ただ、三歳か四歳以降、再び入所先を探さなければならないケースが増え、
子どもや保護者の負担が大きくなっている。

 「小学校に入るまで、安心して通い続けられる保育所がほしい」。
同市で二人の未就学児を育てながら会社を営む女性(29)は、
取引先との打ち合わせを終えると、電話対応しつつ
保育所へ下の子(1つ)を迎えに向かう。
 今春、保育所に申し込んだが定員に空きがなく、
近所の認可保育所に週三日、一時保育で預ける。
「代わりに子どもをみてくれる人はいないからありがたい」とはいうものの、
預けたい日に予約を取れないことも。

 毎日働くのだから毎日預けたいが、この保育所の一時保育には行政からの助成がなく、
定期的に預けても一時間八百円。
一日の保育時間を短くしても、月に五万~六万円はかかる。
「正規に入所できれば保育料は安く済み、仕事も落ち着いて取り組めるのに」

     ◇

 名古屋市の今年四月の待機児童は二百八十人。
全国最多だった昨年四月より、七百五十二人減った。
待機児童の八割はゼロ~二歳児で、市はこの年齢に絞って定員枠を増やす方針だ。

 五歳児まで通える標準型の認可保育所新設は抑え、
ゼロ~二歳児までの「家庭保育室」や、
土地や建物を十年間借りて運営する「賃貸型」を、
待機児童の多い地域で集中的に開所。
来年四月にも同様の対応で、千人分以上を増やす予定だ。

 市から土地と建物を借り受けて、
宗教法人が運営する「あかつき三の丸保育園」(名古屋市中区)は今年四月に開園。
ゼロ~三歳児が入所し、定員いっぱいの三十人が過ごす。

 開所が決まったのは昨秋と急だったが、
同じ法人が自転車で移動できる範囲に別の保育園を運営している。
法人の代表は「過去に分園をつくった経験もあるので、
すぐに対応できた」という。人数が少ない分、感染症が少ないのは大きな利点。

 一昨年十二月に開園した同市千種区の清明山保育園は、
工事前から住民への事前説明に何度も足を運んだ。
「子どもの声や送迎車の駐車問題などで、
住宅地に保育園が共存することは一般的に難しく、土地の吟味も必要。
しかし、応募までに時間がなかった」と振り返る。
同園の場合、事前調整のおかげで地元との関係は良好だ。
「十年間の賃貸だが、地域に溶け込んでいるし、
保育のニーズがなくなるとは思えない」と園長は話す。

 両園とも三歳児まで。
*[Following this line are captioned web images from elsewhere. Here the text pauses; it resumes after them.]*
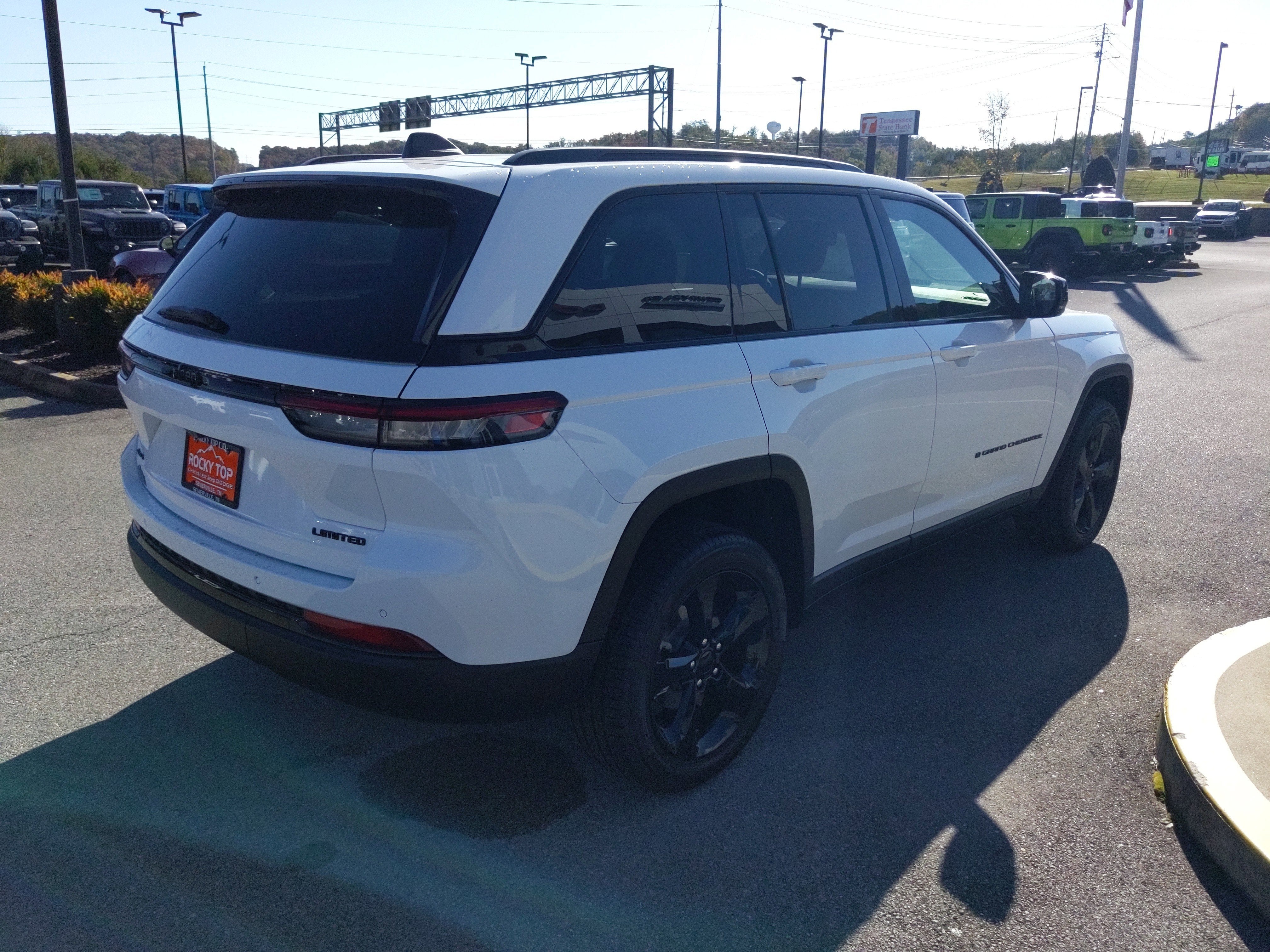 2025 Jeep Grand Cherokee GRAND CHEROKEE LIMITED 4X4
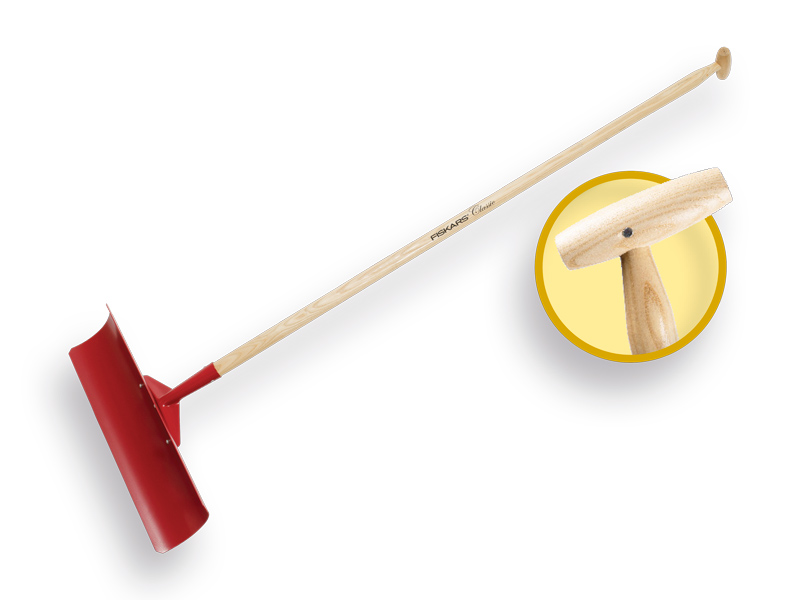 Dänischer Schneeschieber FISKARS CLASSIC 575 gebogen, 50 x 17 cm, mit Eschenholz Stiel und T-Griff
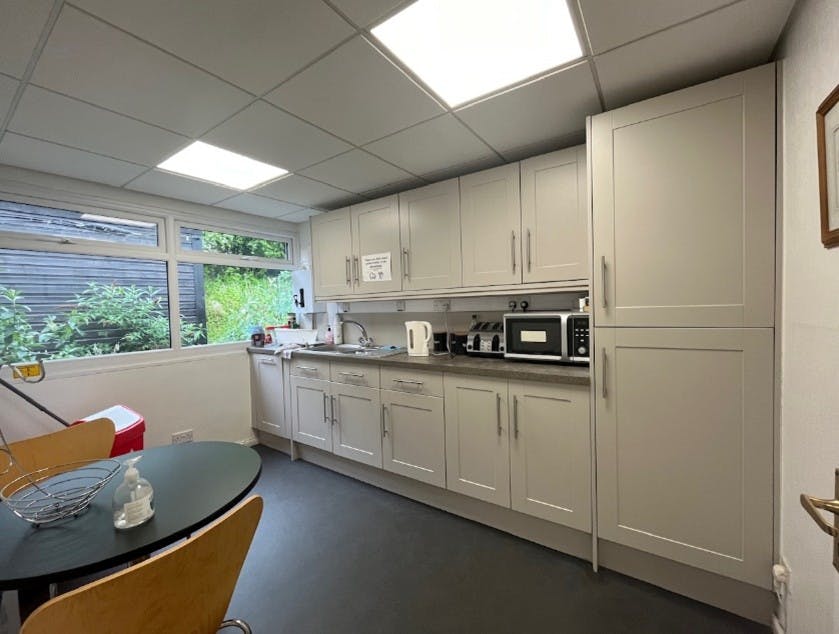Hard Standing Yard with Self Contained Offices, Banbury, Industrial / Land To Let - Yard  Offices  Kitchen.jpg
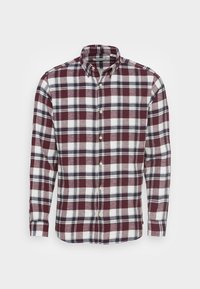 Långärmad skjorta med knappar i röd, vit och marinblå rutigt mönster och en knapp-down krage.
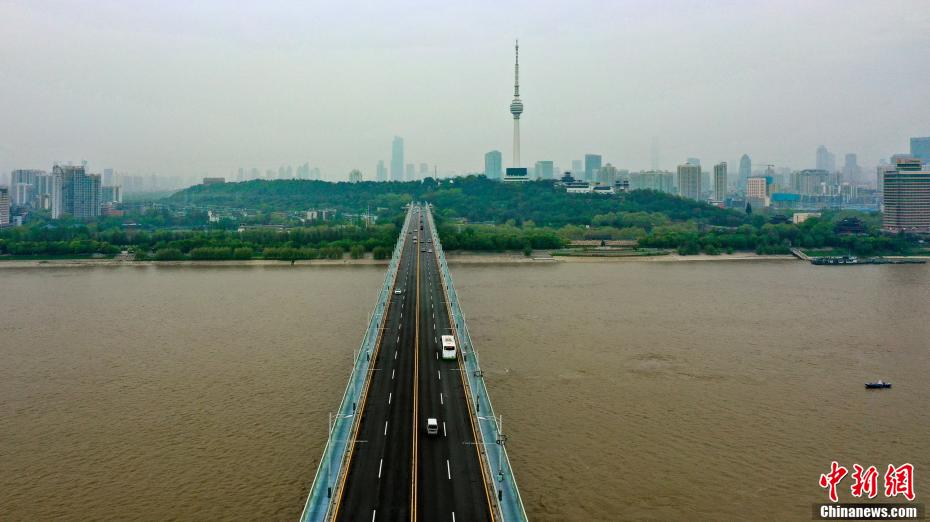 车辆经过武汉长江大桥。 周星亮 摄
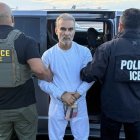 Imagen divulgada por el presidente Noboa de José Serrano siendo trasladado al país en vía aérea.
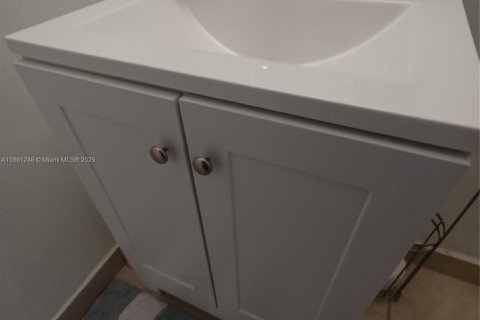 Copropriété à vendre à Miami Beach, Floride: 1 chambre, 69.68 m2 № 2059768 - photo 28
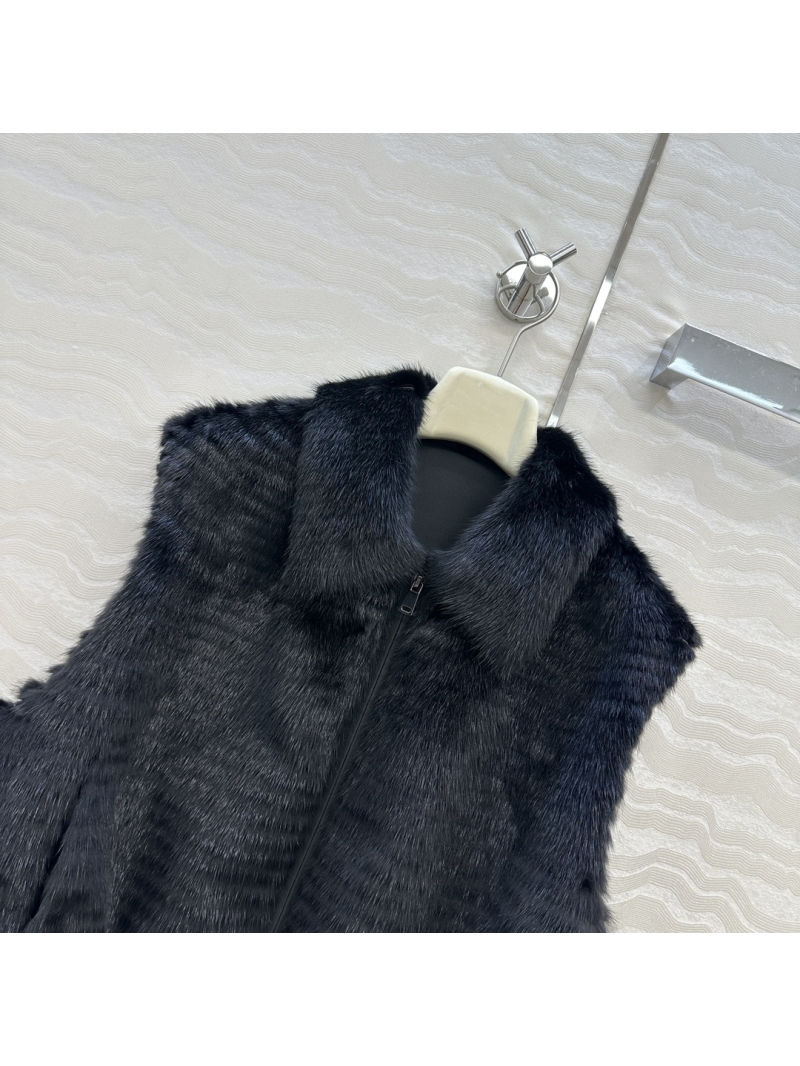 Fendi Limited Edition 100% Natural Mink Fur Vest in Black | Retro Chic, Hand-Stitched, Adjustable Hem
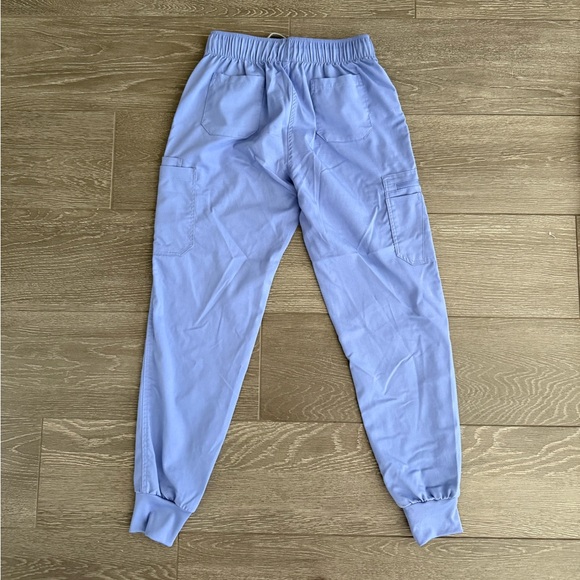 Amazon Scrub Set - Picture 2 of 5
懸案は四歳以降の行き場だ。
全員が希望園に入れる確約はなく、保護者からは不安の声が上がる。
「せっかく慣れた所。同じ場所に通いたい」という要望も根強い。
二、三歳児で家庭保育室などを卒園すると、保護者は再び仕事をしながら、
保育所探しをしなければならない。
子どももようやく慣れた場所を離れなくてはならず、負担が大きい。

 「保育園を考える親の会」(東京)代表の普光院亜紀さんは
「皆ずっと通える園に入りたい。やむを得ず途中までの園に入るのだから、
行政はせめてそれ以降の道筋をつけなければいけない」と指摘する。

 (稲熊美樹)

 <待機児童> 認可保育所に入所したくても入れなかった子の数。
ただし、保護者が育児休業中だったり、
名古屋市の「家庭保育室」や横浜市の「横浜保育室」など、
自治体が独自の補助金を出すが、国が定める「最低基準」を
一部下回る基準の施設に入所したりする場合は除外。
名古屋市の場合、既に仕事をしていて月64時間以上、
一時保育を利用している場合や、特定の保育所だけを希望する場合も除外される。